— WHAT YOU HAVE TO DO —
Where a picture occurs in the data, omit it, and copy all remaining data exactly.

DATA EXCERPT Block Start

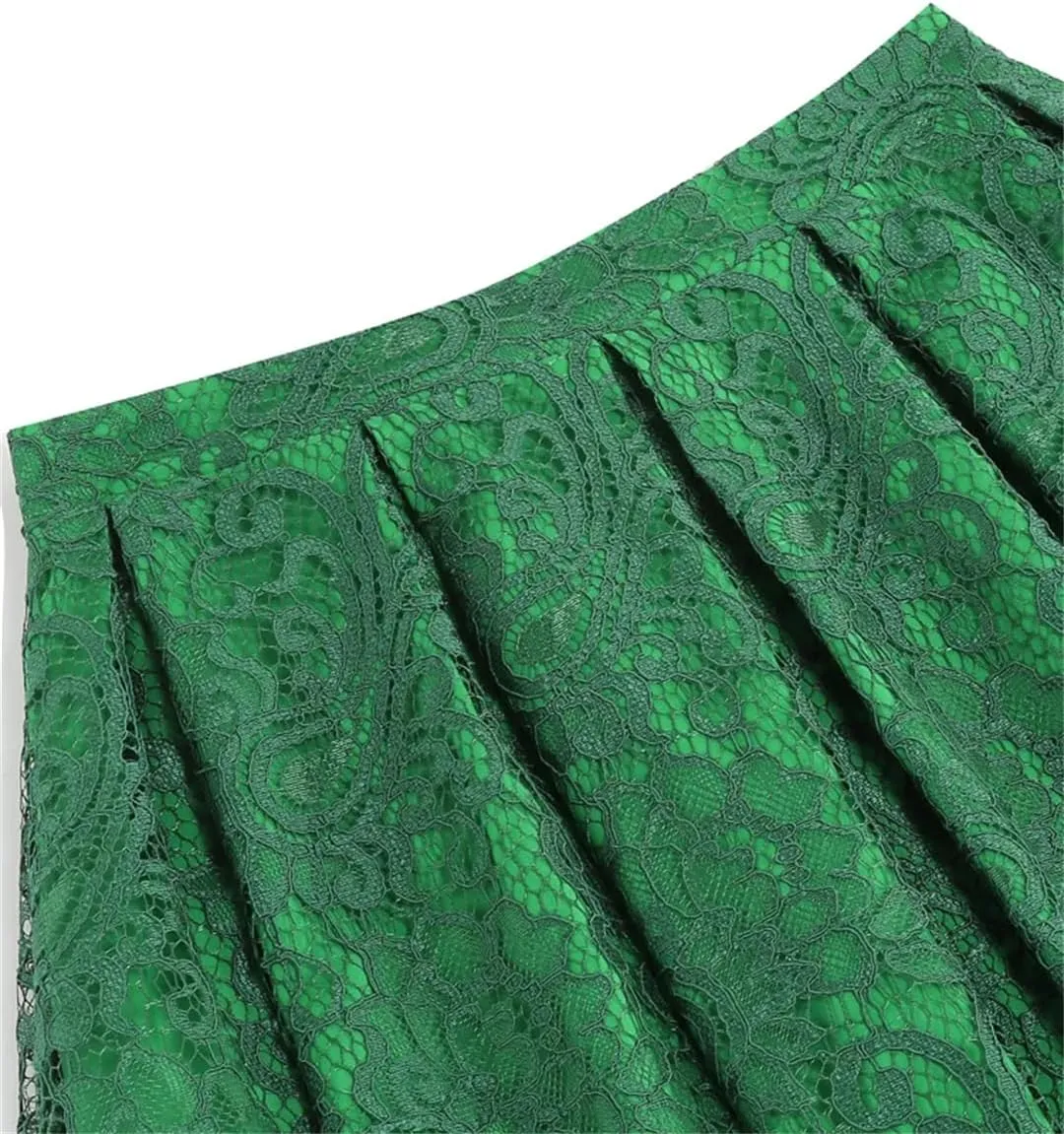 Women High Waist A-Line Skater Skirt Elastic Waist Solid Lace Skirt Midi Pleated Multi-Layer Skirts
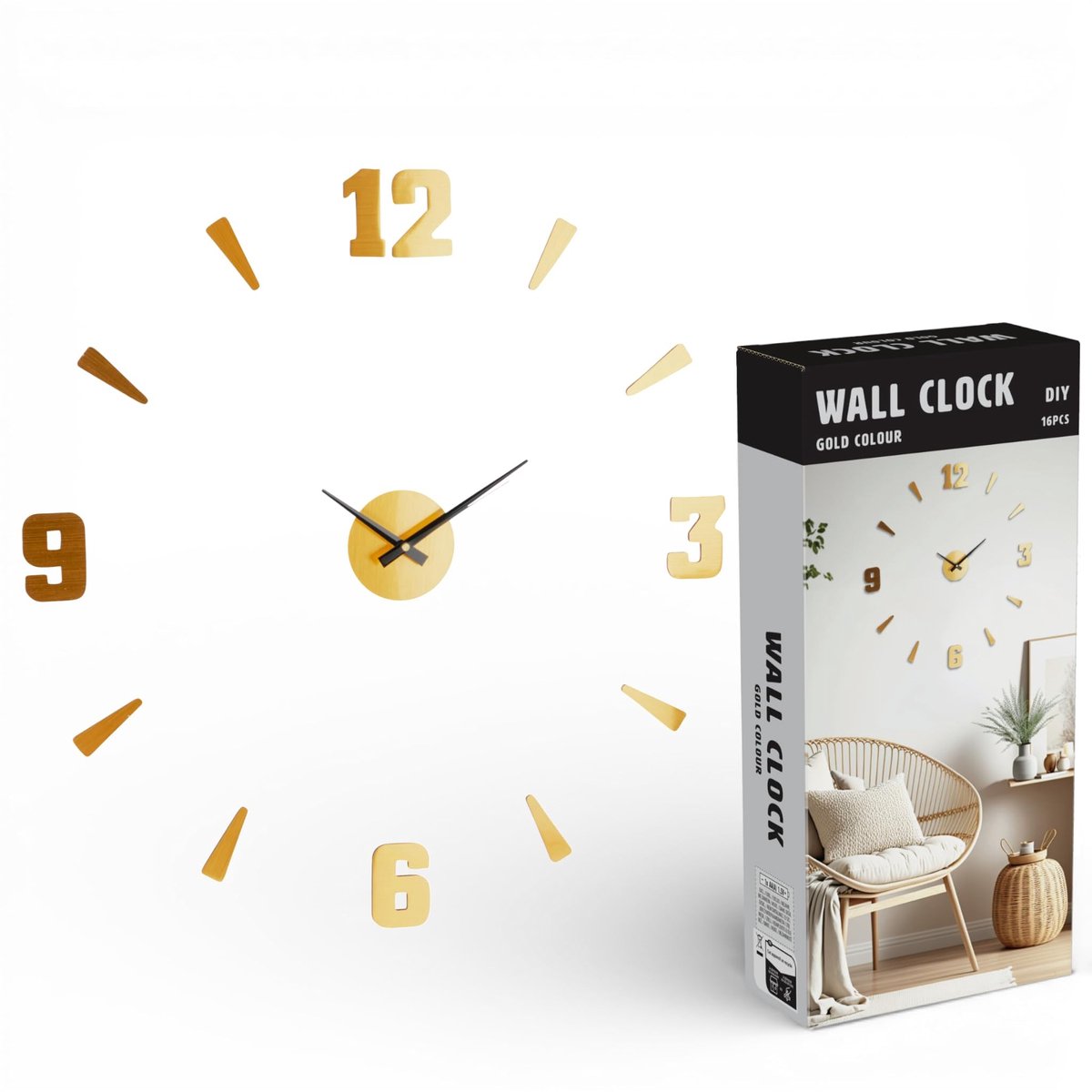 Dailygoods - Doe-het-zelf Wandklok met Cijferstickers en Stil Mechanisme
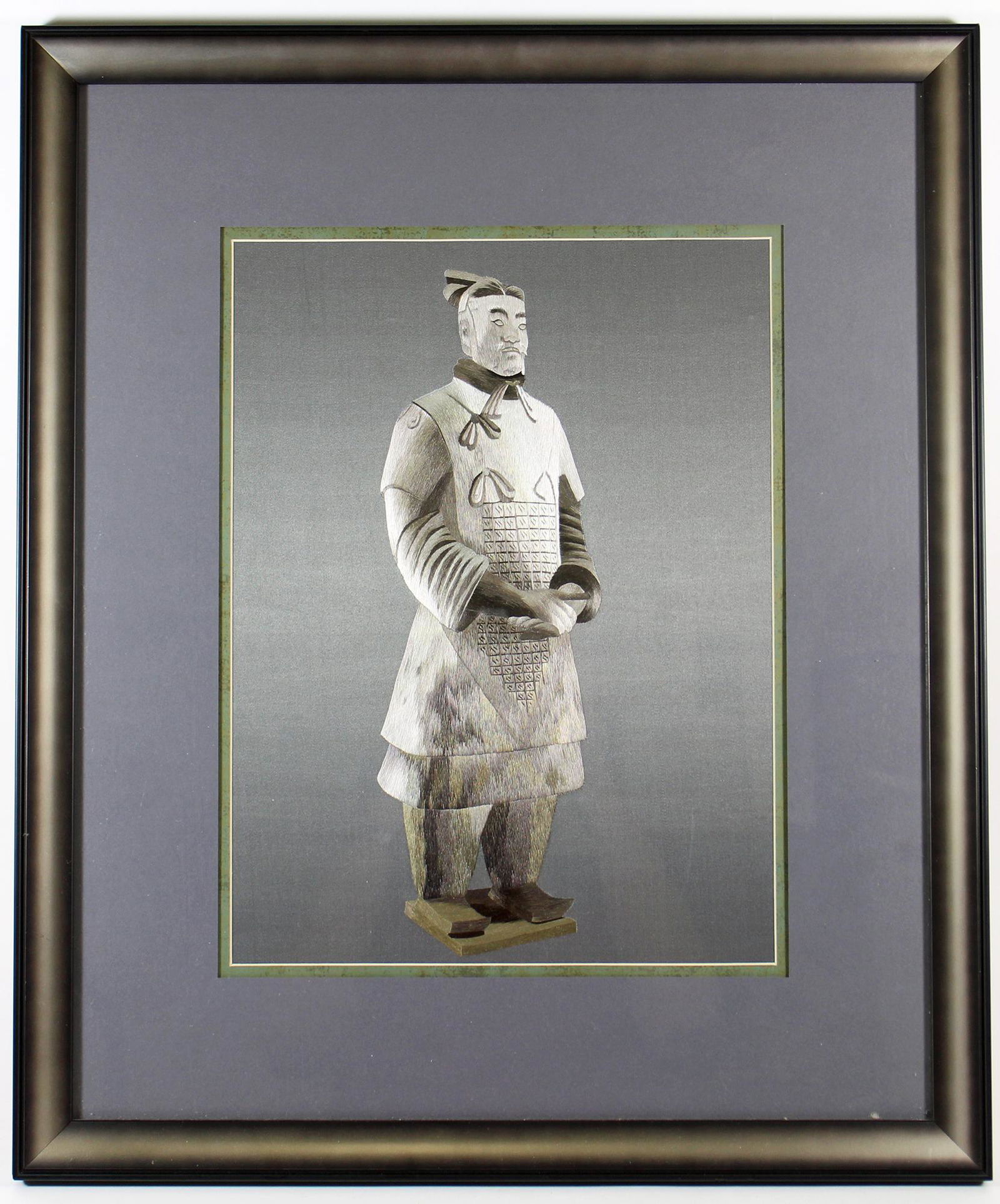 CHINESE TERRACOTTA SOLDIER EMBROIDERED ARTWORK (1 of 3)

DATA EXCERPT Block End

— TASK RESULT —
 Women High Waist A-Line Skater Skirt Elastic Waist Solid Lace Skirt Midi Pleated Multi-Layer Skirts
 Dailygoods - Doe-het-zelf Wandklok met Cijferstickers en Stil Mechanisme
 CHINESE TERRACOTTA SOLDIER EMBROIDERED ARTWORK (1 of 3)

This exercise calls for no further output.